We can broadly distinguish in the Palæolithic epoch three (perhaps four) periods, separated by the occurrence of great extensions of the northern or arctic ice cap of such a volume as to cover North Europe and North America, and the simultaneous extension of the glaciers of the mountains of Europe. This period of the alternating extension and retreat of the great northern glaciers is known as the Glacial period, or Ice Age. The latest Palæolithic men are subsequent to it—that is, post-Glacial. We can distinguish several successive ages of these post-Glacial Palæolithic men, altogether distinct from and anterior to the Neolithic men. In the earlier of these ages many of the great animals of the Glacial period—now extinct or withdrawn to other regions—still survived in Europe. The mammoth survived, but was fast dying out in the south and centre of France, and we find its outline scratched on ivory and on bone by the early post-Glacial men. The lion still survived in Europe, also the hyena, the bear and the rhinoceros. The reindeer seems to have been especially abundant, and to have been associated with the men of this period. The horse was very abundant, and was largely eaten by the earlier post-Glacial people. From the first these men show extraordinary artistic skill, and have left in their caves many carvings on ivory, bone and stone. In the oldest deposits of the post-Glacial age the carvings are complete all-round sculptures of small size or carvings in low relief, all of rough primitive workmanship. Larger life-size sculptures in rock are also found. In later deposits we find better sculpture and also engraving on flat pieces of bone and ivory, and also on stone. This art persisted, and attained its greatest perfection in the latest deposits of all in which the work of Palæolithic man is found. The reindeer persisted through this post-Glacial period (hence often called "the reindeer period") until the gradual increase of temperature and change of herbage and forest led to its migration northwards and to the relative abundance of the red deer. It is to this latest period—the Elapho-Tarandian of Piette—that the engraved antler figured here (Figs. 1 and 2) belongs.

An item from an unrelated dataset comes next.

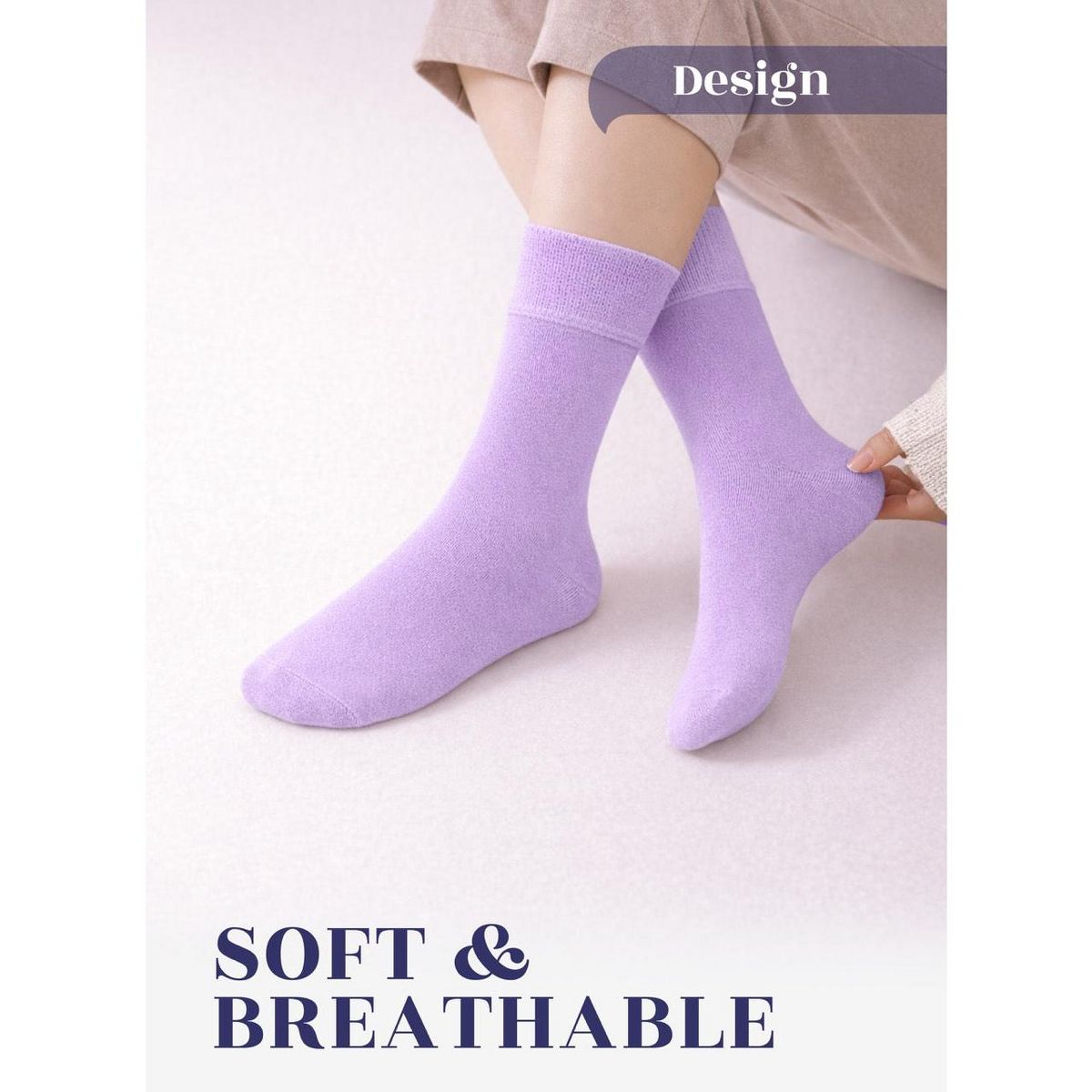 Hugh Ugoli Women's Soft Crew Dress Socks Seamless Toe Non-Binding Lightweight (3 Pairs) - thumbnail 6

At an earlier stage of the post-Glacial period men hunted the bison and other large game in the north of Spain and made coloured drawings of them on the roofs and walls of their caves, drawings which have been copied and preserved: whilst the mammoth, the rhinoceros, the cave lion and bear still inhabited south central France and are pictured on the walls of caves in that region—as described in Chapter II. Later we lose all trace of Palæolithic man and his wonderful artistic skill. He seems either to have migrated or to have been absorbed in the immigrant Neolithic race—a race singularly devoid of any tendency to artistic sculpture or engraving.

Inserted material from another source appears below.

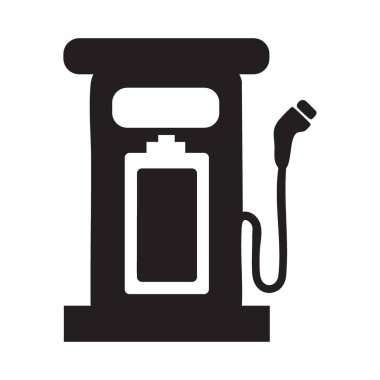 Çevre dostu ulaşım kavramları için elektrikli araç şarj istasyonu silueti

The skeletons and skulls of the men of the Reindeer period, or post-Glacial Palæolithic men, have been discovered here and there. They indicate a fine, tall people with well-shaped skulls and jaws, comparable to the nobler modern races. It is convenient to call them Cromagnards, since good skulls of the race have been described from Cromagnon, in France. There is evidence (from skulls) that another race (the negroid so called "Aurignacians") preceded and coexisted to some extent in Western Europe with them, but we have, at present, no evidence as to whence or how the Neolithic race or the Cromagnard race or any of their predecessors came upon the scene!